Located on the east side of San Diego Bay, south of the Coronado Bay Bridge, partly in the city of San Diego and partly in National City is the Naval Station, San Diego, which is the home port for the U.S. Pacific Fleet’s Naval Surface Force.
Next door to the south of San Diego is neighboring Mexico, with the nearby coastal towns of Tijuana, Rosarito and Ensenada, bordering the Pacific coastline. Although they provide picturesque getaways, don’t expect great food, drinks or cheap prices.
San Diego is known for some of the best beaches in the world, among which are: Mission Beach, Pacific Beach, Ocean Beach, Sunset Cliffs, La Jolla, Coronado, Del Mar, and the North County beaches, which include Encinitas and Carlsbad. Sunny days and mild, year-round weather attracts thousands of sun-worshippers, surfers, body boarders, swimmers, kayakers, and those who just want to sunbath and hangout.

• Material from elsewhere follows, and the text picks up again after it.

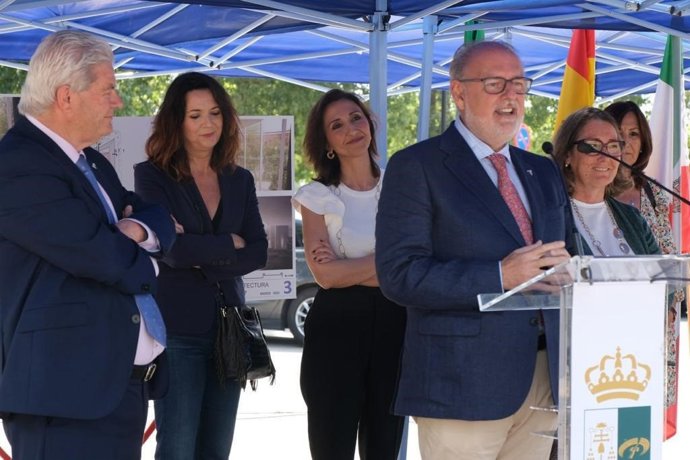 El viceconsejero de Salud en Santiponce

Mission Beach spans nearly two miles of ocean between Mission Bay to the east and Pacific Beach to the north. Its Boardwalk is lined with condos, shops, restaurants and food and drink stands. It offers great people watching, while they Jog, bike, roller blade and stroll up and down the beach front.
Mission Beach also offers the 1920’s nostalgia of a unique beachfront rollercoaster, the Big Dipper - in Belmont Park, at the north end of Mission Beach. Built in 1925, this antique 73-foot-tall wooden rollercoaster has been restored and offers a thrilling ride high above Mission Beach.
A favorite beach among locals and surfers is Pacific Beach. It is a classic California beach town with a resident mix of surfers, local beach bums, college students, professionals, and families. There’s always action on and around the boardwalk and on nearby Mission Boulevard, Grand Avenue and Garnet Avenue - with numerous surf shops, funky clothing stores, craft galleries, coffee shops, bars and dining establishments. Along the boardwalk and neighboring cliffs that overlook the ocean area are a mix of 30s-style beachfront cottages sitting next to large, upscale, earth-toned condos, where locals live.
When the surfs up, the surfers grab their colorful boards and head into waves.